Task directions:
Below are some records. Return exactly the lines from the one with "Conjunto deportivo Adidas" to the one with "Nueva camiseta de", and nothing else.

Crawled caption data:
++++++++++

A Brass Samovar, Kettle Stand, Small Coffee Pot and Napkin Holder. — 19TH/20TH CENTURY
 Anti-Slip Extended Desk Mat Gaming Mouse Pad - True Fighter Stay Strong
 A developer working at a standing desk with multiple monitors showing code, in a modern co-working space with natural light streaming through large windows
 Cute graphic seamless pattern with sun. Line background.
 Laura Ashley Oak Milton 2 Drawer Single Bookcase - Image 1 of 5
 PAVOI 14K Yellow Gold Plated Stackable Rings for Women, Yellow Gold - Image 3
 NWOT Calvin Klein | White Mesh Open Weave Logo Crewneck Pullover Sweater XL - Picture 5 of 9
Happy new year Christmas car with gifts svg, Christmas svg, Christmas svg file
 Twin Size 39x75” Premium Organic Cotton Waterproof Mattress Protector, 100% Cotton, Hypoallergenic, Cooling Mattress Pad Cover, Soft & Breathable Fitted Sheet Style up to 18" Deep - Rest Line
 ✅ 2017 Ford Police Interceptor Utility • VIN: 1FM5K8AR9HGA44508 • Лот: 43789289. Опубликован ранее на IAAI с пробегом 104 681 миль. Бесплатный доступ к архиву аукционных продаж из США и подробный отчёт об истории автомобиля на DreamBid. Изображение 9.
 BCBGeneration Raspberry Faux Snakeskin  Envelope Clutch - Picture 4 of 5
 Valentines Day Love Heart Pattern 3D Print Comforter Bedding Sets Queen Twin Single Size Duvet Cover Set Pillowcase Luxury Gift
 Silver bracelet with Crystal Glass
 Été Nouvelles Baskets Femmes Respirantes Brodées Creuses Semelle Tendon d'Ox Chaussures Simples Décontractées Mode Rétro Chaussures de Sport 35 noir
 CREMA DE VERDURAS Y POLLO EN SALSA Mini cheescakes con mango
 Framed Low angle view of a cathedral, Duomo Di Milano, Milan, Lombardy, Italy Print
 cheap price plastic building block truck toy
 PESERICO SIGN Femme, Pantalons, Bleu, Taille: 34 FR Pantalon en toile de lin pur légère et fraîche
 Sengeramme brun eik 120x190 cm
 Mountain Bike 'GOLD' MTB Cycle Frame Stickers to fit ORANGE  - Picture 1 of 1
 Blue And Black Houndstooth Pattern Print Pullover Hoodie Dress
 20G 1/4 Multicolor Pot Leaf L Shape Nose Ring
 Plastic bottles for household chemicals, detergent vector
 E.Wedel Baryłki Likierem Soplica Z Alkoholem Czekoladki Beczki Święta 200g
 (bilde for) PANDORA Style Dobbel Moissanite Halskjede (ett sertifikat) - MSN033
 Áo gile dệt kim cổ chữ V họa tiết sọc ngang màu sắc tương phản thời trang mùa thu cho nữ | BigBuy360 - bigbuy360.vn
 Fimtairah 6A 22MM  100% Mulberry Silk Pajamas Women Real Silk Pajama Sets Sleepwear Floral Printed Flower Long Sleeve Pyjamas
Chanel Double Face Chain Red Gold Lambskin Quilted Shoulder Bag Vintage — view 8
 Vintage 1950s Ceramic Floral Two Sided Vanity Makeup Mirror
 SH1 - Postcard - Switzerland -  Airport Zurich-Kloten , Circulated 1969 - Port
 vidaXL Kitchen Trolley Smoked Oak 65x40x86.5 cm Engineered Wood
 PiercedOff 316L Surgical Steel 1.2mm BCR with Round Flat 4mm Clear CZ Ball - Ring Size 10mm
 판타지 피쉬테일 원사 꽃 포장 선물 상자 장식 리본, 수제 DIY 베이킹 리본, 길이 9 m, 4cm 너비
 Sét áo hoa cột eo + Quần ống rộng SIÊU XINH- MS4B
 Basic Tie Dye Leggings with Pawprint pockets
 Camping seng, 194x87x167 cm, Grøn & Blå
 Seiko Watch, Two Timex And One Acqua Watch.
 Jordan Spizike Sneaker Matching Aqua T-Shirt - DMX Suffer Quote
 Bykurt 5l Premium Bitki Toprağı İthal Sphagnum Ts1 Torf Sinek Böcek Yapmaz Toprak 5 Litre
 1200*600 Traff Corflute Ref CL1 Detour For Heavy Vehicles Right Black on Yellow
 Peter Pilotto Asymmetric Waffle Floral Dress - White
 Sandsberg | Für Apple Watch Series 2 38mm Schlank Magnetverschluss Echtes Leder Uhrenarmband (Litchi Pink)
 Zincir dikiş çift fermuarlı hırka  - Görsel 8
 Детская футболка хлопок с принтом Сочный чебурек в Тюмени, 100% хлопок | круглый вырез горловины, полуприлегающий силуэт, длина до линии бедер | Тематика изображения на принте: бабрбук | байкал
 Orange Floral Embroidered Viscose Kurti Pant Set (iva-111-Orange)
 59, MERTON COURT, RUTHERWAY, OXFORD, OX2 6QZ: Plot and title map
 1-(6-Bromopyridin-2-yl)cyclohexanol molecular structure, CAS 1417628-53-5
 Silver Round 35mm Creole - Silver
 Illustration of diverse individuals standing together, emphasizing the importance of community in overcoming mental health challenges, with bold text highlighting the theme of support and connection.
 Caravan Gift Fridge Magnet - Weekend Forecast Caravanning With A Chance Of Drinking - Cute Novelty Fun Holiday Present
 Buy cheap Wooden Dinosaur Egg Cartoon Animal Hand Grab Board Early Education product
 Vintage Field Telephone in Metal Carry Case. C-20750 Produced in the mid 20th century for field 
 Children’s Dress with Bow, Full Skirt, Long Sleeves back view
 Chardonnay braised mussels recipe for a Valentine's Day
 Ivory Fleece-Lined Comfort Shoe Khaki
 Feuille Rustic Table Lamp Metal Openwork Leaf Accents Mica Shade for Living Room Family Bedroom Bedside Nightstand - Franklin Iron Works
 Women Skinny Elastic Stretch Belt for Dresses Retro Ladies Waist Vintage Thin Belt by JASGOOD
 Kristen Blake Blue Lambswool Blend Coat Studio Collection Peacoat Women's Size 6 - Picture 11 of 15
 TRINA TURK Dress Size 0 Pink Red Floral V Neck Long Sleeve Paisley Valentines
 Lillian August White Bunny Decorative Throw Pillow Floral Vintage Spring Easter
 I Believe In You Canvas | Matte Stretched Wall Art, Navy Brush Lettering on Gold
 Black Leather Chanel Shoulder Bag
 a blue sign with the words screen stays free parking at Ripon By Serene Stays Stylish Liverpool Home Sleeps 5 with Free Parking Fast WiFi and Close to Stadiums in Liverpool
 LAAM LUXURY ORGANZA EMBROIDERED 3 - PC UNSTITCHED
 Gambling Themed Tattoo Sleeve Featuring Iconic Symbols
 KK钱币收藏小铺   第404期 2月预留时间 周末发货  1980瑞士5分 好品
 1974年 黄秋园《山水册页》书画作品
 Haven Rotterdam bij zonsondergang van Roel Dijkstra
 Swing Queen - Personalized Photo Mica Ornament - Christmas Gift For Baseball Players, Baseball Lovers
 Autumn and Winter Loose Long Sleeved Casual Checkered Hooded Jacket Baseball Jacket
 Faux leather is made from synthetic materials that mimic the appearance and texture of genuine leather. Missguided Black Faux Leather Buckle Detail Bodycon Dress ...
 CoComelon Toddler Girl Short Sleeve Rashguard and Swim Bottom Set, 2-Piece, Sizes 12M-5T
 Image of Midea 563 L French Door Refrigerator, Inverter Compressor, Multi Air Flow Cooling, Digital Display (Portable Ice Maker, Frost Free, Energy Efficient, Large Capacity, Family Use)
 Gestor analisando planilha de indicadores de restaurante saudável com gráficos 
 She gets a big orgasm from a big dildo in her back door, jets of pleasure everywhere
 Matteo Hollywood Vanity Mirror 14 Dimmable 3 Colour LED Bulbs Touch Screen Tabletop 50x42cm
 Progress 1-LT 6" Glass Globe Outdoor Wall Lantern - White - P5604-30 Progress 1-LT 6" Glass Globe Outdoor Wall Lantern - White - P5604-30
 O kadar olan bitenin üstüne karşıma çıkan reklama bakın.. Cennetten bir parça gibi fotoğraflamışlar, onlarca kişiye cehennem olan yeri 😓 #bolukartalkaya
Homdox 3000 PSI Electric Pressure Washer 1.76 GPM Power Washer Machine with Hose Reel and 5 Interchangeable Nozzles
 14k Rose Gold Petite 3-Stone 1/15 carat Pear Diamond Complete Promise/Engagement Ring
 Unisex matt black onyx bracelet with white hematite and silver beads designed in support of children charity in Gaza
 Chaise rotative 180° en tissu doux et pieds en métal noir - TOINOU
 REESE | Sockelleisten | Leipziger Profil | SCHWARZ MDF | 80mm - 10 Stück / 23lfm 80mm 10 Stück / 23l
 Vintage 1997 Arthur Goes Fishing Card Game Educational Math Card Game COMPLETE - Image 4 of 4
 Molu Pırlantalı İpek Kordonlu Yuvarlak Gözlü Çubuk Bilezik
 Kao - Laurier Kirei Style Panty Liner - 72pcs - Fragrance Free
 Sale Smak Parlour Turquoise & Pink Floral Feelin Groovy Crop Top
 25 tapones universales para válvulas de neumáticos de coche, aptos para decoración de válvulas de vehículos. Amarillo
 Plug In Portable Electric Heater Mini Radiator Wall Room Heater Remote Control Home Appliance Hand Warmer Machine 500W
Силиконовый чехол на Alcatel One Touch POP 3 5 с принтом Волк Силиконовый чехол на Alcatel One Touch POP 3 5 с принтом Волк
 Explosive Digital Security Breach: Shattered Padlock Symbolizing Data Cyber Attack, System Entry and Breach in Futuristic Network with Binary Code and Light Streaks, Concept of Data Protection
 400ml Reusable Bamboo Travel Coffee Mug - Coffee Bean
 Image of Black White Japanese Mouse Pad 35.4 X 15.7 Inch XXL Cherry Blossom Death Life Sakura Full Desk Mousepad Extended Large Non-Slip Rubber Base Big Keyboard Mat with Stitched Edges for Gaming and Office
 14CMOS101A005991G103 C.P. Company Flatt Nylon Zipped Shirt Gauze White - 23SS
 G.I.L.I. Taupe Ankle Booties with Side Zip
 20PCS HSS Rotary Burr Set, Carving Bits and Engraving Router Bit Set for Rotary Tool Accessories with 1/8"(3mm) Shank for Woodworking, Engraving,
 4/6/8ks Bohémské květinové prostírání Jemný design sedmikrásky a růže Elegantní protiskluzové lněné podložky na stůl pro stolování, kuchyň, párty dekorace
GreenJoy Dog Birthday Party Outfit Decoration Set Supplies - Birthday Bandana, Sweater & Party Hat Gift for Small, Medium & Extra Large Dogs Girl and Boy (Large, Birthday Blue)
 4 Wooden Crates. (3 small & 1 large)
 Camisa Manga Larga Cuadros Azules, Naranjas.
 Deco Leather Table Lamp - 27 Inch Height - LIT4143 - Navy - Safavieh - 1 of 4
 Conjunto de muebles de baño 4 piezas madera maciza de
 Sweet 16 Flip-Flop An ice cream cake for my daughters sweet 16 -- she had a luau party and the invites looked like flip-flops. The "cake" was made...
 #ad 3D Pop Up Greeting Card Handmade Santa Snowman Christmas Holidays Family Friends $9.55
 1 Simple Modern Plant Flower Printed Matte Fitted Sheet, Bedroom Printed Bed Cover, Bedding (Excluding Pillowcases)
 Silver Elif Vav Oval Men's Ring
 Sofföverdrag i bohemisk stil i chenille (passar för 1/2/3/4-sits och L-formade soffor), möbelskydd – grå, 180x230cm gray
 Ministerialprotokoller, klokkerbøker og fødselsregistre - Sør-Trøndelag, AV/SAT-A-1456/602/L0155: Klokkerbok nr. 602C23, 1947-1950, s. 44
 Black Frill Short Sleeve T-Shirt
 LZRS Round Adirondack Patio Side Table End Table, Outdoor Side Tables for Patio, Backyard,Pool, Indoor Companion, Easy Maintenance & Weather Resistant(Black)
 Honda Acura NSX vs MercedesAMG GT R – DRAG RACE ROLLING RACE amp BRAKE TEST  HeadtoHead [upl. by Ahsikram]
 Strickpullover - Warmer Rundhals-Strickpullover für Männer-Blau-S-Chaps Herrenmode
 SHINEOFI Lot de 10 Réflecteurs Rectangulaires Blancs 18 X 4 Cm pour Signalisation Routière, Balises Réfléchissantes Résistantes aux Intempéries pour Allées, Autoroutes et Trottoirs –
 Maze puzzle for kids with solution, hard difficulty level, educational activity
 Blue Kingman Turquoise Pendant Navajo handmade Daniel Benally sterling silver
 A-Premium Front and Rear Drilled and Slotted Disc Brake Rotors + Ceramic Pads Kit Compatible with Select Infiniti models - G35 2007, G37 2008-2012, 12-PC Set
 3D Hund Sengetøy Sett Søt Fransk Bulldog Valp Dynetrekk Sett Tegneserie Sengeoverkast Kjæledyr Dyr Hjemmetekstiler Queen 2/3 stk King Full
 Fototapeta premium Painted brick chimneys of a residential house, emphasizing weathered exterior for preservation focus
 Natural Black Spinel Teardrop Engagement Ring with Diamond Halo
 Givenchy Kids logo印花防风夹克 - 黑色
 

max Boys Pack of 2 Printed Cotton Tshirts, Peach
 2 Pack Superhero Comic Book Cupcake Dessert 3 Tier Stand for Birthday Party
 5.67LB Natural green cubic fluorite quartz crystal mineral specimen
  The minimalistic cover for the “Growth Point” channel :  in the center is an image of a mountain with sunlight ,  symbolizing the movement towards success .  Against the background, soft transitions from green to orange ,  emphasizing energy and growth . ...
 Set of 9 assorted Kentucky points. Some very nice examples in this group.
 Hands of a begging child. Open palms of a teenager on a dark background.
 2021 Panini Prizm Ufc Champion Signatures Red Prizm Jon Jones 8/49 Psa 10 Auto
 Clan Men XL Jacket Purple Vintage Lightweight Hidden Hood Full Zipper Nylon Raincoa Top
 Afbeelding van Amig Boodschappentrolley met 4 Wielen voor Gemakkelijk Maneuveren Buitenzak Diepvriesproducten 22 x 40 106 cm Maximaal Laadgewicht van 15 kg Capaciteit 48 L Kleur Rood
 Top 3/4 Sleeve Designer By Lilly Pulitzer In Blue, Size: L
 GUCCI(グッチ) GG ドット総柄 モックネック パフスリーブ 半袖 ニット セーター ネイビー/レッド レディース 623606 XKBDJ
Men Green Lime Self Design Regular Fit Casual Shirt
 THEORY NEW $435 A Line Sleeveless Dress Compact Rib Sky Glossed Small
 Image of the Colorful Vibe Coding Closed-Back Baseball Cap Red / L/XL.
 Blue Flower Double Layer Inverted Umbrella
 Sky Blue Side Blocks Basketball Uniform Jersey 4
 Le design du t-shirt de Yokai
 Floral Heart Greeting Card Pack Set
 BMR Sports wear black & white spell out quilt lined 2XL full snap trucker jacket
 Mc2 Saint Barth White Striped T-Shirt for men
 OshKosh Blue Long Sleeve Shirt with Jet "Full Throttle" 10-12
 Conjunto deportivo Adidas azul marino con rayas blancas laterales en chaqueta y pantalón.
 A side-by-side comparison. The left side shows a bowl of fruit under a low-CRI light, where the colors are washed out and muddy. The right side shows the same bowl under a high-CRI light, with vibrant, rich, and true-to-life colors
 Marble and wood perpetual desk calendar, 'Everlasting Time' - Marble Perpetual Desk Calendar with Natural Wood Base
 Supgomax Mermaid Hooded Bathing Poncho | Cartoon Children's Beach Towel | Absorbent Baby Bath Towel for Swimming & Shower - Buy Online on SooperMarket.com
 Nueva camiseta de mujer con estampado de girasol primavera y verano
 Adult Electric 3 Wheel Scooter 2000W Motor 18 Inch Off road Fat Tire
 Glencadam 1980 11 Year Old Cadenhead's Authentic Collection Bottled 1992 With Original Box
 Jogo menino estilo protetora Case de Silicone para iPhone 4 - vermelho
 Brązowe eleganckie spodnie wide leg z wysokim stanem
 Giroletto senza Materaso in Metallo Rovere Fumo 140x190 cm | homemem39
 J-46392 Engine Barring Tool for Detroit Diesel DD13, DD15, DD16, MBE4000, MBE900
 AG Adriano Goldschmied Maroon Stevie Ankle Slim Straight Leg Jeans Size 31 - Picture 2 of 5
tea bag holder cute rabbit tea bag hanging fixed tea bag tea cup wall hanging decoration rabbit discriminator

++++++++++

Solution to the problem:
 Conjunto deportivo Adidas azul marino con rayas blancas laterales en chaqueta y pantalón.
 A side-by-side comparison. The left side shows a bowl of fruit under a low-CRI light, where the colors are washed out and muddy. The right side shows the same bowl under a high-CRI light, with vibrant, rich, and true-to-life colors
 Marble and wood perpetual desk calendar, 'Everlasting Time' - Marble Perpetual Desk Calendar with Natural Wood Base
 Supgomax Mermaid Hooded Bathing Poncho | Cartoon Children's Beach Towel | Absorbent Baby Bath Towel for Swimming & Shower - Buy Online on SooperMarket.com
 Nueva camiseta de mujer con estampado de girasol primavera y verano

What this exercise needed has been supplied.